Younger brother Stephan Shay specifically remembers his brother returning to Central Lake as a professional runner to watch him race. That was when Stephan saw how much other athletes and other coaches looked up to Ryan — and they didn’t realize how much Stephan did too.
“When you’re younger you don’t realize how special that is,” Stephan said. “I looked up to him like the others who were excited to see him at the races. I was on the same boat.”
Former East Jordan cross country coach Matt Peterson said that watching Ryan do that at meets like the East Jordan Invitational spoke highly of his character.
“I remember being struck by (Ryan) just leaning against the fence, watching his brother run, and not making a big deal out of himself being there just supporting his brother,” Peterson said.
Peterson now coordinates the Ryan Shay Mile at Charlevoix’s Venetian Festival, which returned for its 13th year this past July. The race attracts professional runners from all over the country.
Stephan said those moments motivated him to perform his best when he knew he would be there. He ended up breaking all of Ryan’s school records at Central Lake but the 1600.
Stephan ran in college at Michigan State (2004-2007) before transferring to BYU in 2008, qualifying for the national championships in both cross country and track. During those years Stephan remembers a time when Ryan’s wife, Alicia Craig, told him how agitated Ryan was that he was running late to see him race at NCAA Regionals.

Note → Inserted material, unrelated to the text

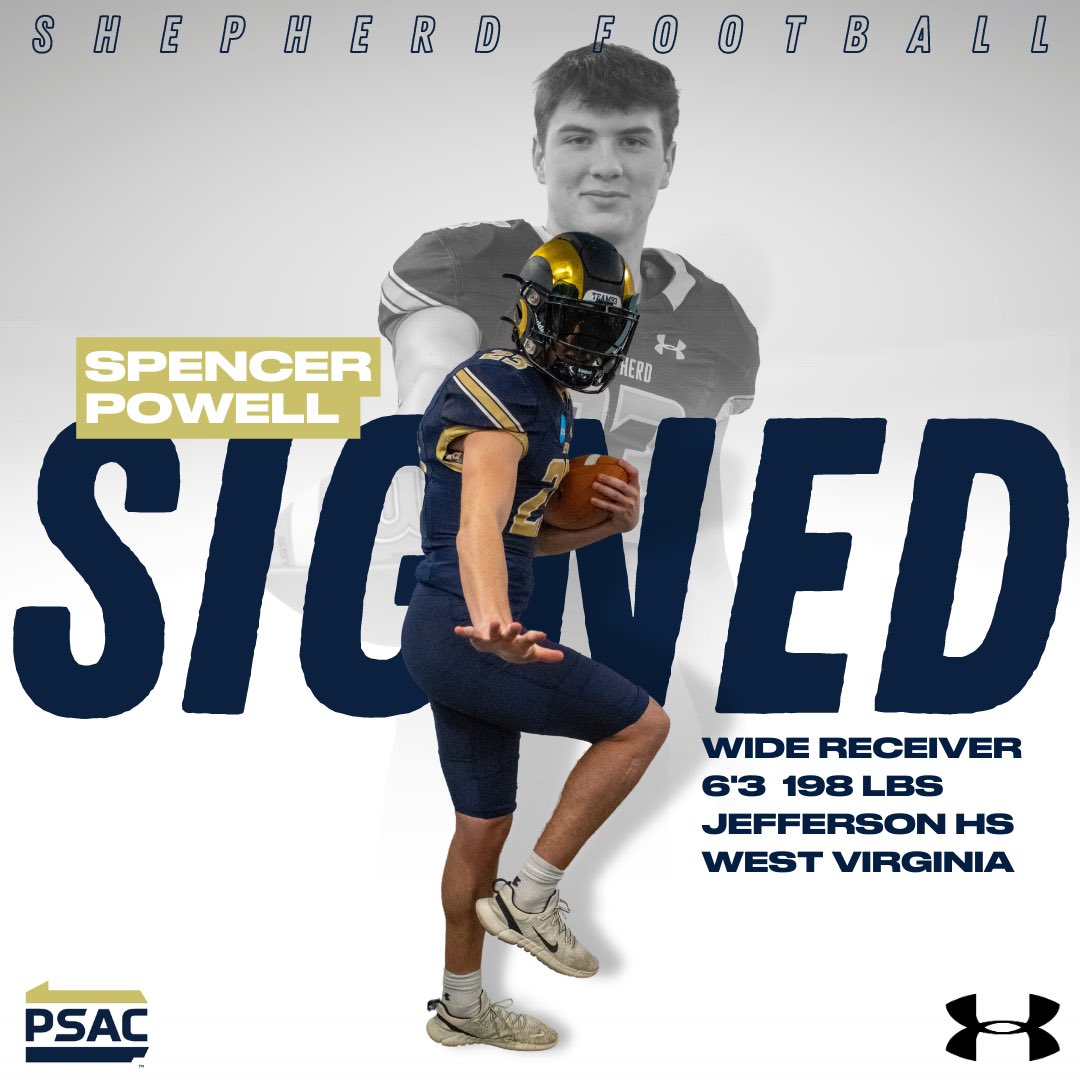 🖊️ 𝑺𝑰𝑮𝑵𝑬𝑫 🖊️

Welcome to the family Spencer! #TEAM94 #ALLIN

Ryan ended up making the race, but the memory that sticks with Stephan is how much he cared about seeing him race in person.
“He was always like a cheerleader for me and that’s something I will always remember,” Stephan said. “I tried to take that with me when I have friends and family that are chasing their dreams and endeavors. I just remember how good that felt with him in my corner.”
The motivation that drove him as he became a professional runner was also one of the hardest parts, Stephan said.
“It was important for me to always think about having him there with me. I always dreamed of training with him after college. When those life plans changed, even though he wasn’t there physically I tried to keep him with me in my memory and I talked about him whenever I could,” Stephan said.
Each of the eight Shay children attended college on athletic scholarships.
HUNTER’S GOALS
Asa Kelly said Hunter often talks about matching Ryan’s feat of a four-time state champion.
No other male runner in the Lower Peninsula has won four in a row, though one in the Upper Peninsula has.
The Michigan High School Athletic Association gives Upper Peninsula schools their own finals in cross country, track and golf. Austin Plotkin of Brimley won four U.P. Division 3 state titles from 2016 to 2019, and raced time of 17:02 in the finals. Ryan’s PR at the finals was 15:30, Jones won with a time of 15:28.
For a while Jones said he didn’t realize he beat Ryan Shay’s time.
“It was kind of a shock on how good I really got,” Jones said. “Once I found out about Ryan I was like ‘Wow. I actually might be able to do things he did.’ You know?”
Seven female runners have done the four title sweep from 1981 to 2013. They were Kirsten Olling of Breckenridge (L.P. D4, 2010-13); Tara Kiilunen of Calumet (U.P. D1, 2009-12); Amber Smith of Ishpeming Westwood (U.P D2, 2000-03); Katie Boyles of Rochester Adams (L.P. A/D1, 1997-2000); Carrie Gould of Burton Bendle (L.P. C, 1992-93) and Flint Powers Catholic (L.P. C, 1994-95); Theresa Padilla of Camden-Frontier (L.P D, 1984-87); and Valari Ambrose of Riverview Gabriel Richard (L.P B, 1981-84).
The rarity of the four title sweep in boy’s cross country is the reason Jones says many runners from other Traverse City-area schools cheer him on.
“I think it would be real cool, and I think it would represent all northern Michigan athletes,” Jones said.
As a sophomore, Jones beat Shay’s time in the 1600 meter run at the Record-Eagle Honor Roll meet this past May, taking down a 24-year-old meet record. Jones won in 4:14.65, and in second was Central’s Luke Venhuizen with a 4:15.29 — both beat Ryan’s record of 4:17.28
This fall in the 5,000 Jones is looking to clock a time in the low 14-minute range (14:29 or lower). That would inch Jones closer to his end-senior year goal, taking a shot at the state record held by Dathan Ritzenhein (Rockford) at 14:10 at the 2022 state finals.
Kelly said Jones is already training to run in one of the two prestigious high school cross country races in November: Nike Cross Nationals (also known as “NXN”) in Portland, Ore. or Foot Locker Nationals in San Diego, Calif.
“Really from now we’re already already building towards late November in qualifying for nationals and making a splash on the national level,” Kelly said.
Julia Flynn of Traverse City Central is also looking to enter events after the state finals, though she is not sure of which one yet.
Flynn’s personal best of 16:51 ranked No. 33 nationally in 2020. She also ran the 1600m in the prestigious Brooks PR track meet in Seattle over the summer and took seventh.
Before all that can happen, however, the Huskies’ cross country season starts at Charlevoix High School on Saturday, Aug. 21.
The name of the meet? The “Ryan Shay Relay.”